▸ **PROBLEM TO SOLVE**
Write out the listing, please, but only from its first line through the line containing "So for the uppercase", exactly as given and without pictures.

======

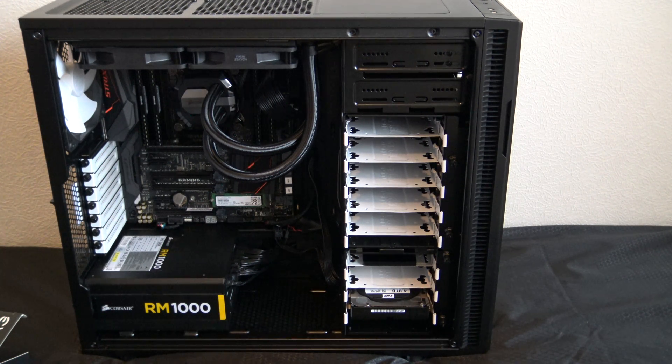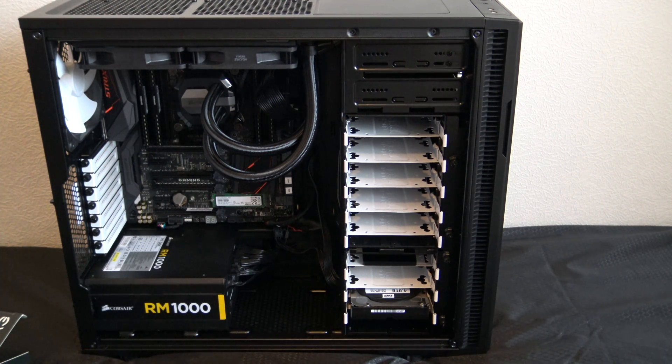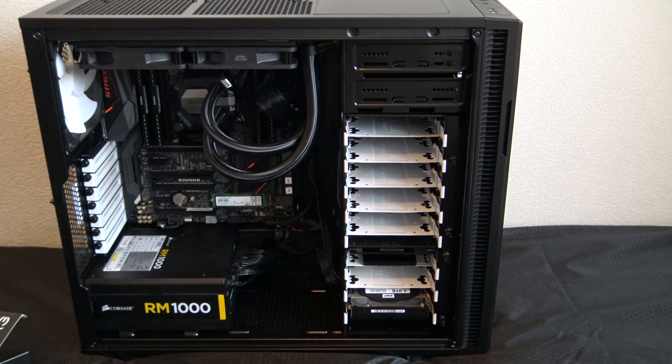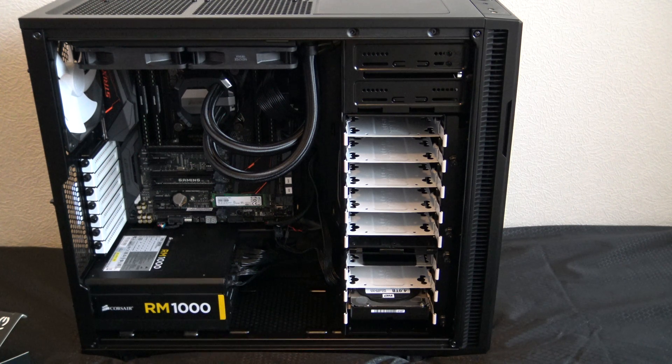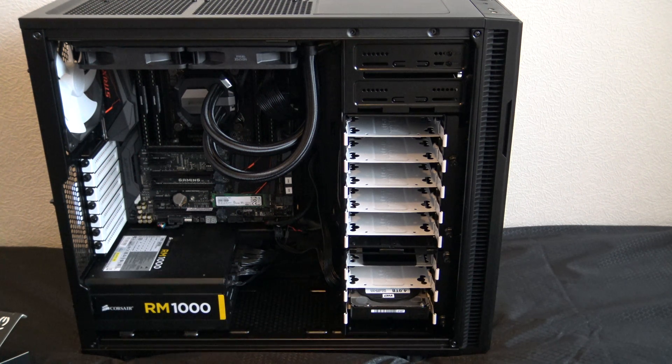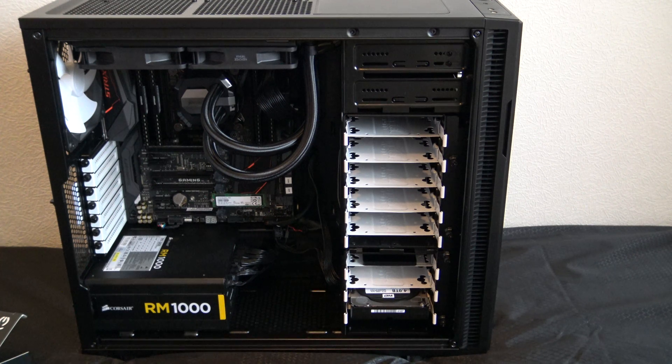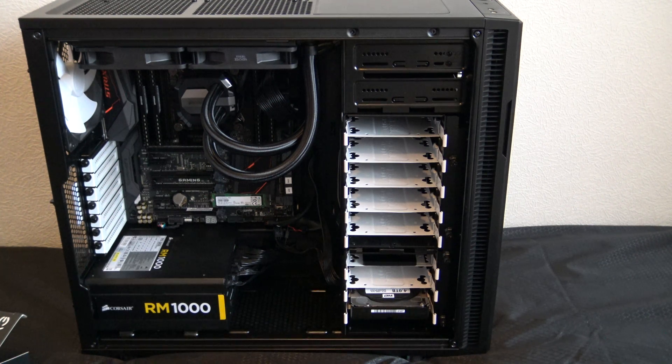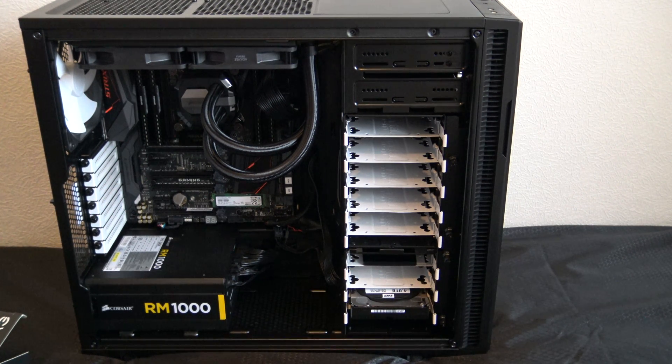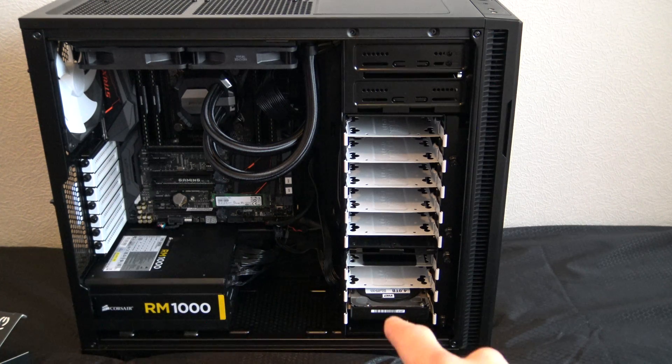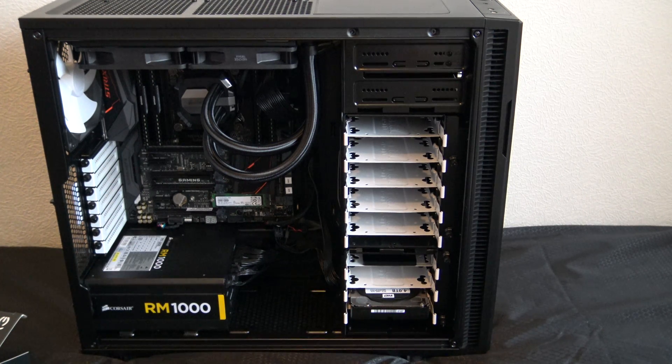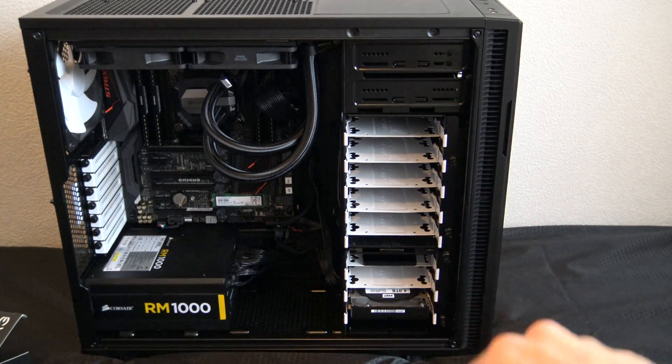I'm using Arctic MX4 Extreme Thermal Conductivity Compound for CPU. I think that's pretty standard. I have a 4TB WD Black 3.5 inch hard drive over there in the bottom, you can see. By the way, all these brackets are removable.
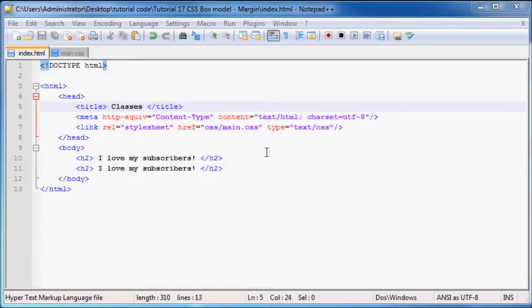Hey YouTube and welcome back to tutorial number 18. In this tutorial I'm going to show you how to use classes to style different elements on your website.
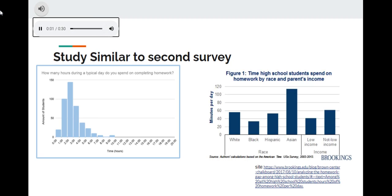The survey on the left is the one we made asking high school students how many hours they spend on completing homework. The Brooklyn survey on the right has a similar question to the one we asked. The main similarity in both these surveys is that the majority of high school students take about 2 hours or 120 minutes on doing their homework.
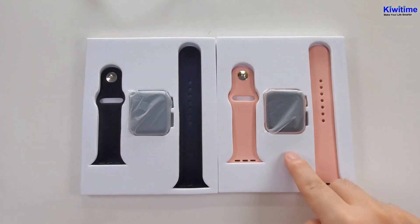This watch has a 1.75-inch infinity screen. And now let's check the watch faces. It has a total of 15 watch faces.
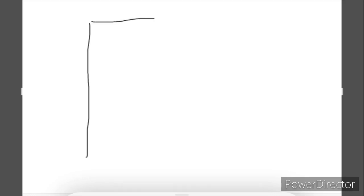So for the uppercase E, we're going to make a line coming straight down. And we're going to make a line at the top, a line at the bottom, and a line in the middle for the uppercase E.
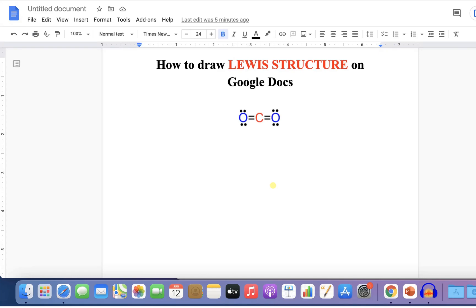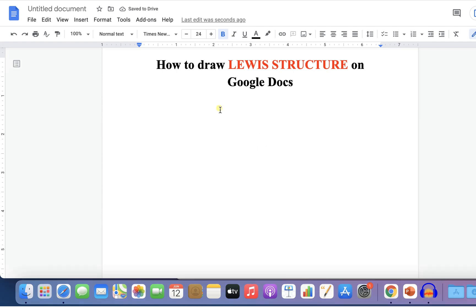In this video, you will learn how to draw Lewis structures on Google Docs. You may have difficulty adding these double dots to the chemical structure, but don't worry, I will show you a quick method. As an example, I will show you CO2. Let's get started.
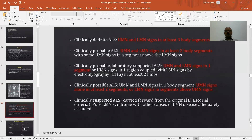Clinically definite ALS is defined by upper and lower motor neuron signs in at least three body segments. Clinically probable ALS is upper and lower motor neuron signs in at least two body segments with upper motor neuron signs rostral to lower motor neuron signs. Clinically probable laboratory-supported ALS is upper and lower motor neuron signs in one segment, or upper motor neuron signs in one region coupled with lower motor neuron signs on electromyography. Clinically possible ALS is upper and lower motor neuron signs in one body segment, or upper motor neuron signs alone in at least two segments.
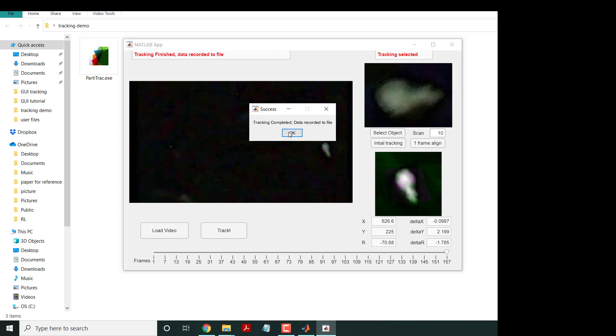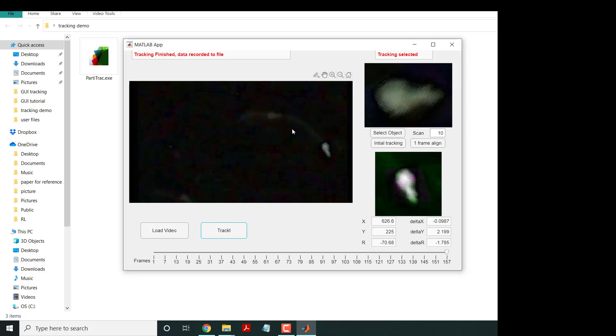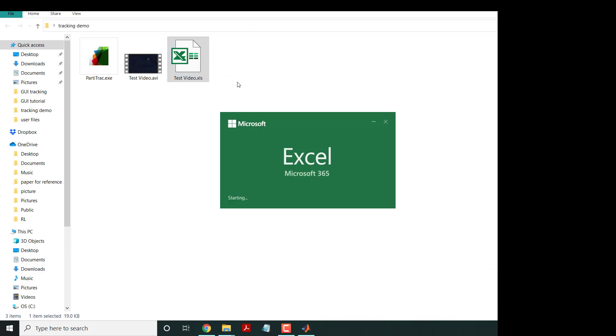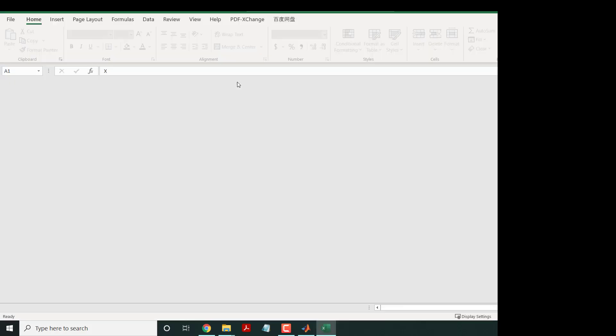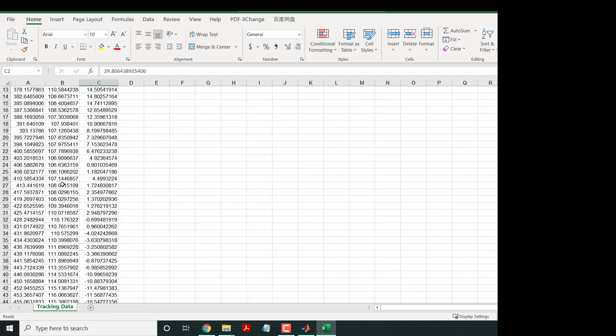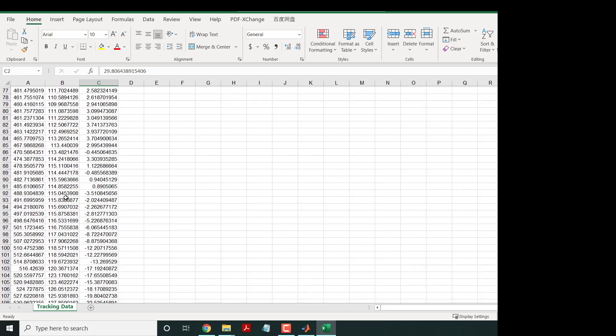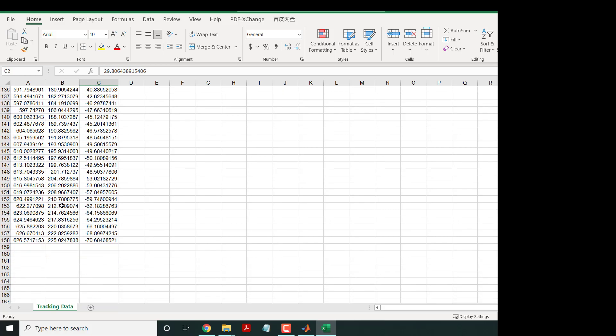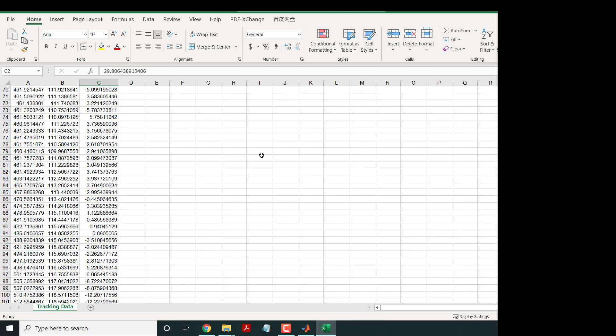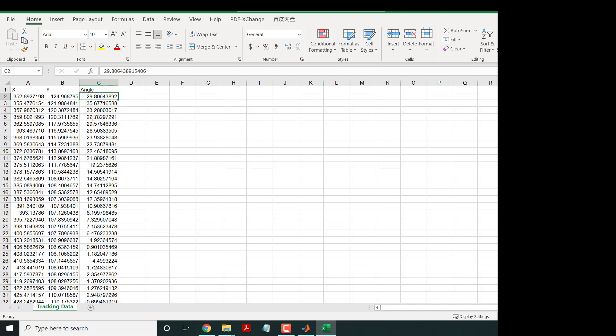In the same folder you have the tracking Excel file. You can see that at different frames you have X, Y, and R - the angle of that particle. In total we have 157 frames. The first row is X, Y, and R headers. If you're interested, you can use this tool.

======

▸ **TASK ANSWER**
I'm using Arctic MX4 Extreme Thermal Conductivity Compound for CPU. I think that's pretty standard. I have a 4TB WD Black 3.5 inch hard drive over there in the bottom, you can see. By the way, all these brackets are removable.
Hey YouTube and welcome back to tutorial number 18. In this tutorial I'm going to show you how to use classes to style different elements on your website.
The survey on the left is the one we made asking high school students how many hours they spend on completing homework. The Brooklyn survey on the right has a similar question to the one we asked. The main similarity in both these surveys is that the majority of high school students take about 2 hours or 120 minutes on doing their homework.
This watch has a 1.75-inch infinity screen. And now let's check the watch faces. It has a total of 15 watch faces.
So for the uppercase E, we're going to make a line coming straight down. And we're going to make a line at the top, a line at the bottom, and a line in the middle for the uppercase E.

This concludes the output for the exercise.